10. System nach Anspruch 9, wobei der erste Zeitdifferenzwert eine Größe aufweist, die
proportional zu einem Absolutwert von sin θ cos ϕ ist, wo θ einen Azimutwinkel der
Schallquelle in Bezug zur Stirn des Hörers darstellt, und ϕ einen Elevationswinkel
der Schallquelle in Bezug zu einer horizontalen Ebene darstellt, die durch die Ohren
des Hörers und die Stirnrichtung definiert ist.
11. System nach Anspruch 9, wobei die erste und die zweite Halbebene jeweils durch einen
Rand entlang einer Richtung zwischen den Ohren des Hörers und durch einen Elevationswinkel
ϕ in Bezug zu einer horizontalen Ebene definiert sind, die durch die Ohren und die
Stirnrichtung für den Hörer definiert sind.

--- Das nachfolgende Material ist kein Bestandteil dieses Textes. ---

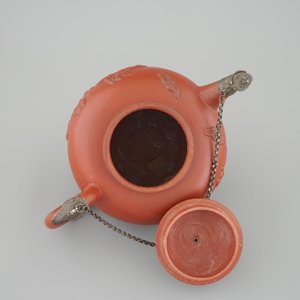 A Dutch Delft Ary de Milde red earthenware teapot and cover, late 17th C. — 照片 6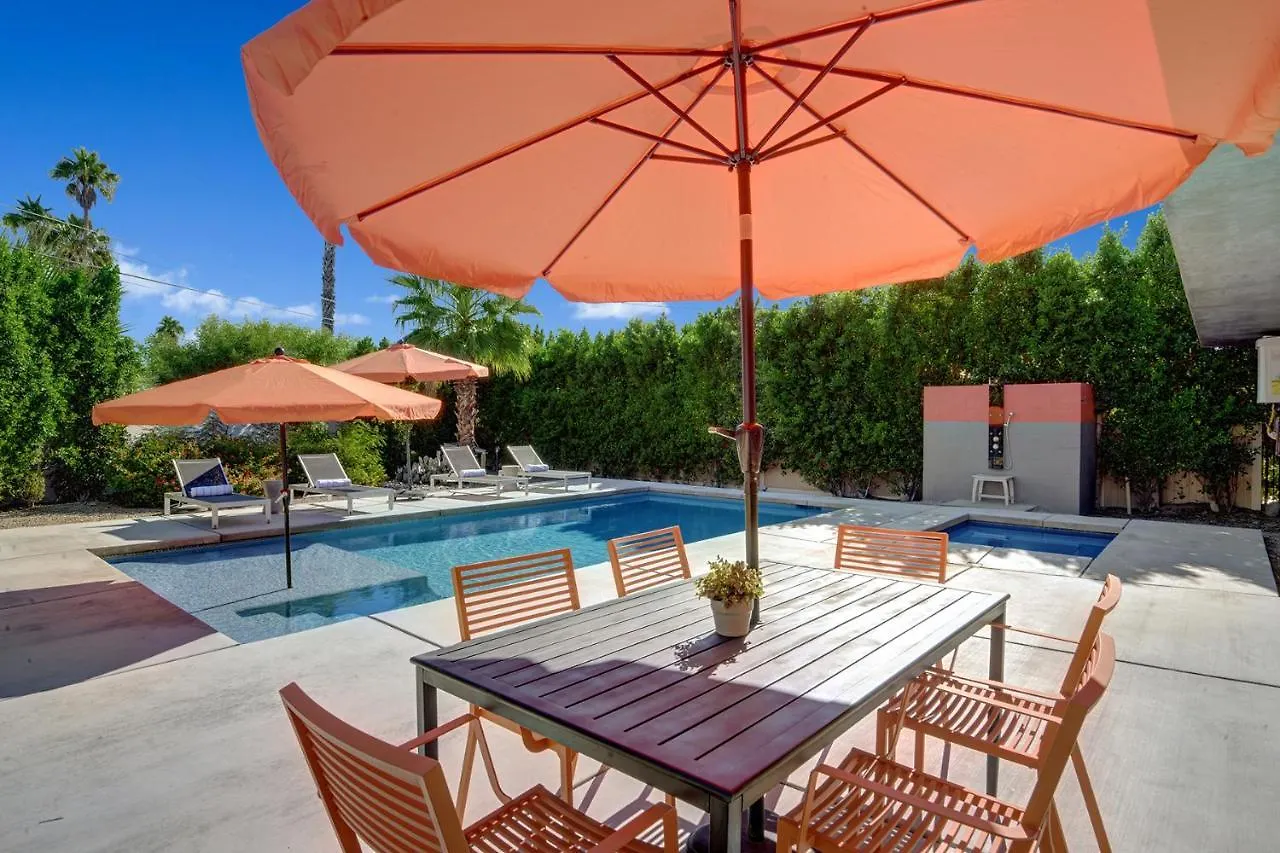 Ultra Luxury Resort Like Compound Pool, Spa, Fire Pit- Close To Everything- 4Bd/2.5Bth Palm Springs 0*,  Estados Unidos da América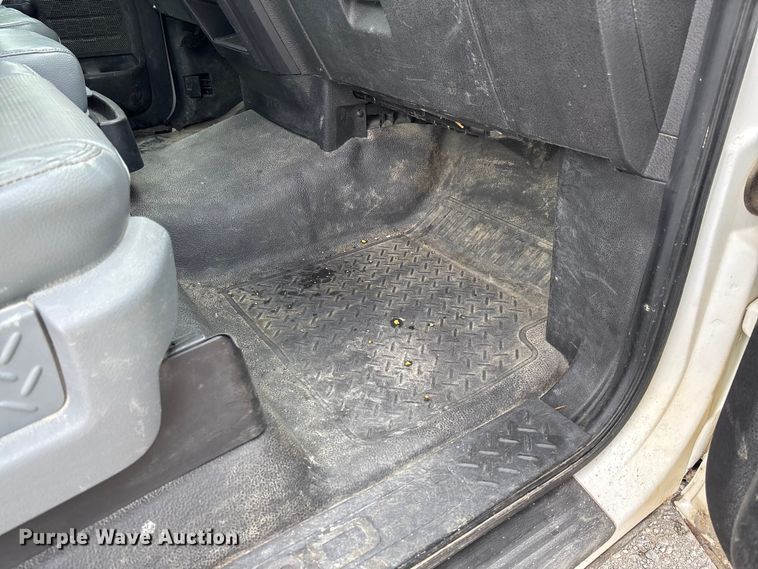 image for item FC1724 2011 Ford F150 XL pickup truck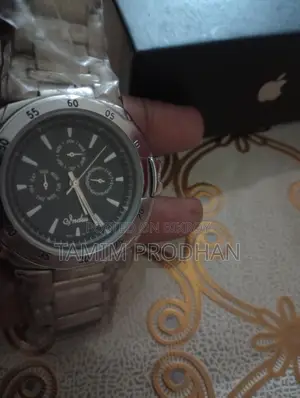 বিক্রয়ের জন্য ব্র্যান্ড নিউ ঘড়ি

12. System nach Anspruch 9, das ferner eine interaurale Intensitätsdifferenzkomponente
(Interaural Intensity Difference - IID) aufweist, die konfiguriert ist, um jedes von
den gefilterten linken und rechten Signalen für die interaurale Intensitätsdifferenz
anzupassen, um alle Intensitätsdifferenzen zu berücksichtigen, die vorhanden sind
und die nicht durch die Anwendung von dem einen oder den mehreren Positionsfiltern
berücksichtigt werden, wobei die Anpassung der gefilterten linken und rechten Signale
für die IID durch die IID-Komponente Folgendes aufweist:
Bestimmen, ob die Schallquelle auf linken oder rechten Seiten in Bezug zum Hörer positioniert
ist;
Zuordnen des gefilterten linken und rechten Signals, das sich auf einer der Schallquelle
entgegengesetzten Seite befindet, als ein schwächeres Signal;
Zuordnen des anderen von den gefilterten linken oder rechten Signalen als ein stärkeres
Signal;
Anpassen des schwächeren Signals durch einen ersten Kompensationswert; und
Anpassen des stärkeren Signals durch einen zweiten Kompensationswert.

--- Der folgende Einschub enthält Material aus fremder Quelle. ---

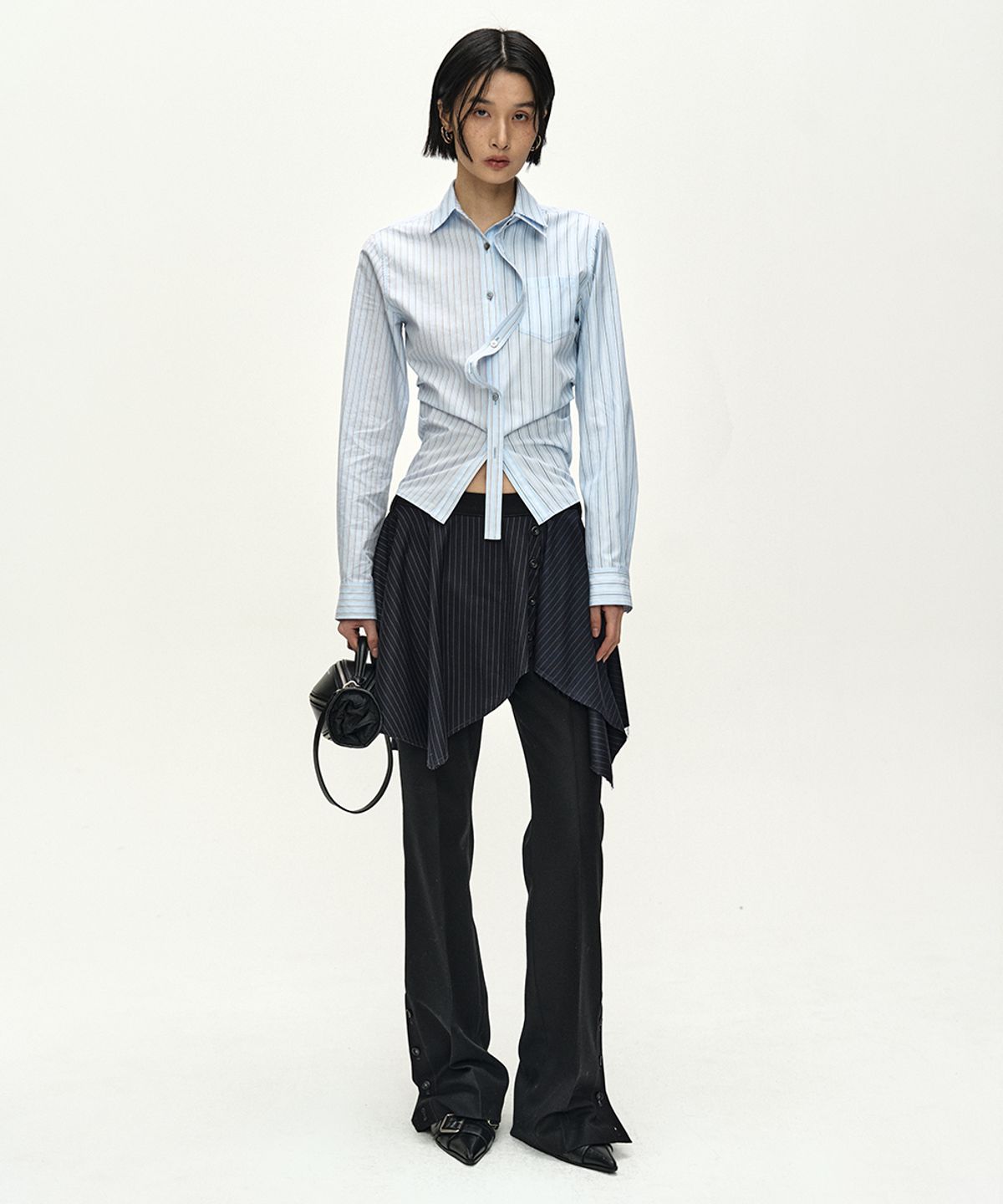 앤더슨벨(ADSB ANDERSSON BELL) ASYMMETRIC WRAP SKIRT-LAYERED BOOTCUT TROUSERS (NAVY/BLACK)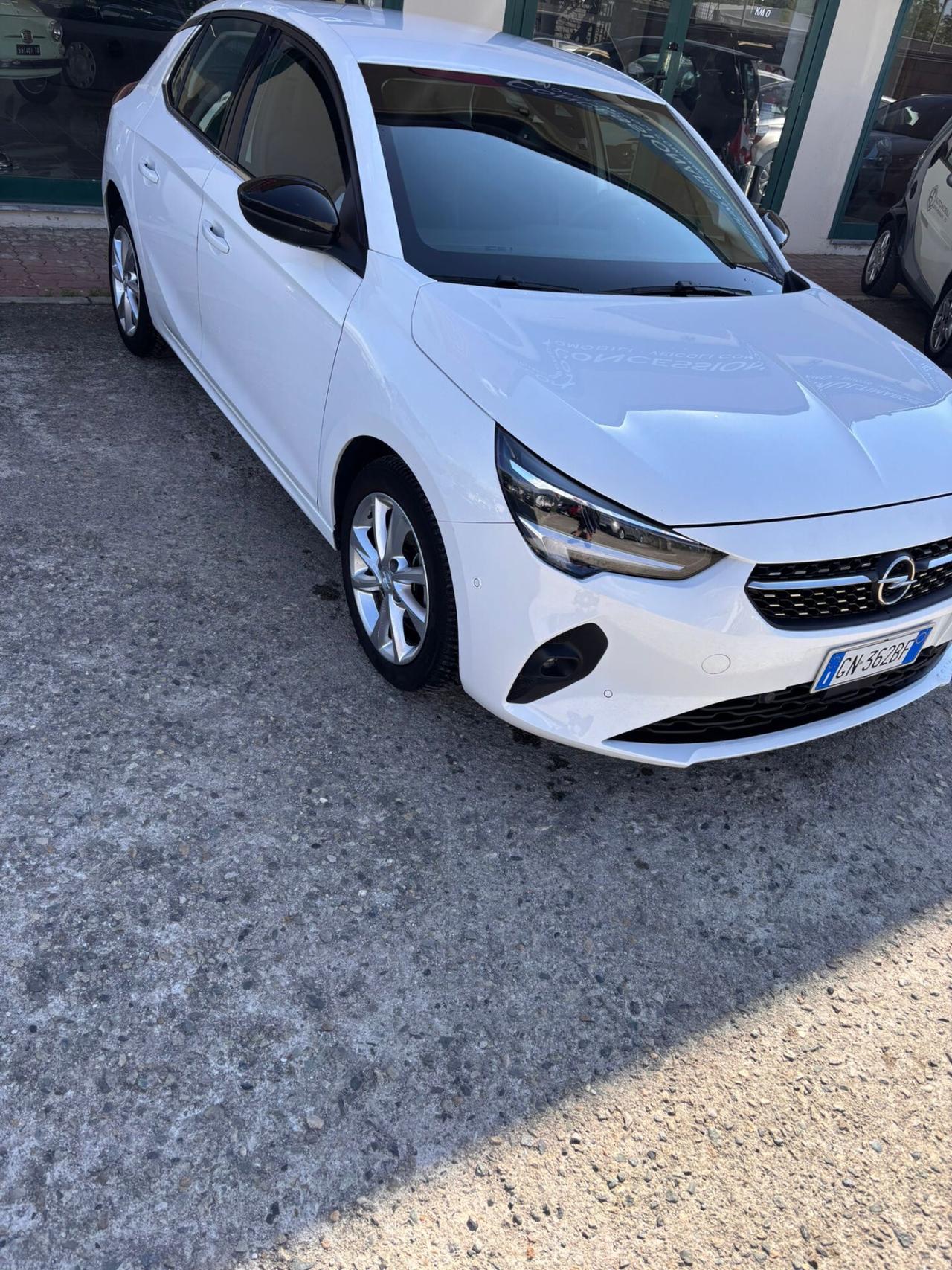 Opel Corsa 1.2 Design & Tech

13. System nach Anspruch 12, das ferner eine zweite Überblendungskomponente aufweist,
die konfiguriert ist, um einen Überblendungsübergang der ersten und zweiten Kompensationswerte
als Reaktion auf die Änderung von der ersten räumlichen Position zur zweiten räumlichen
Position durchzuführen, wobei der Überblendungsübergang das Erhöhen oder Verringern
des ersten Kompensationswerts, bis der zweite Kompensationswert erreicht ist, aufweist.
14. System nach Anspruch 9, wobei die Anwendung des einen oder der mehreren Positionsfilter
auf die zweiten linken und rechten Signale durch die Positionsfilterkomponente eine
Wirkung des Unterbringens der Schallquelle an einem ausgewählten Ort um den Hörer
herum simuliert.
15. System nach Anspruch 14, das ferner eine oder mehrere zusätzliche Positionsfilterkomponenten
aufweist, die konfiguriert sind, um Wirkungen von einem oder mehreren zusätzlichen
Audio-Eingangssignalen zu simulieren, die Informationen über eine oder mehrere zusätzliche
Schallquellen aufweisen, um eine Wirkung von mehreren Schallquellen an ausgewählten
Orten um den Hörer herum zu simulieren.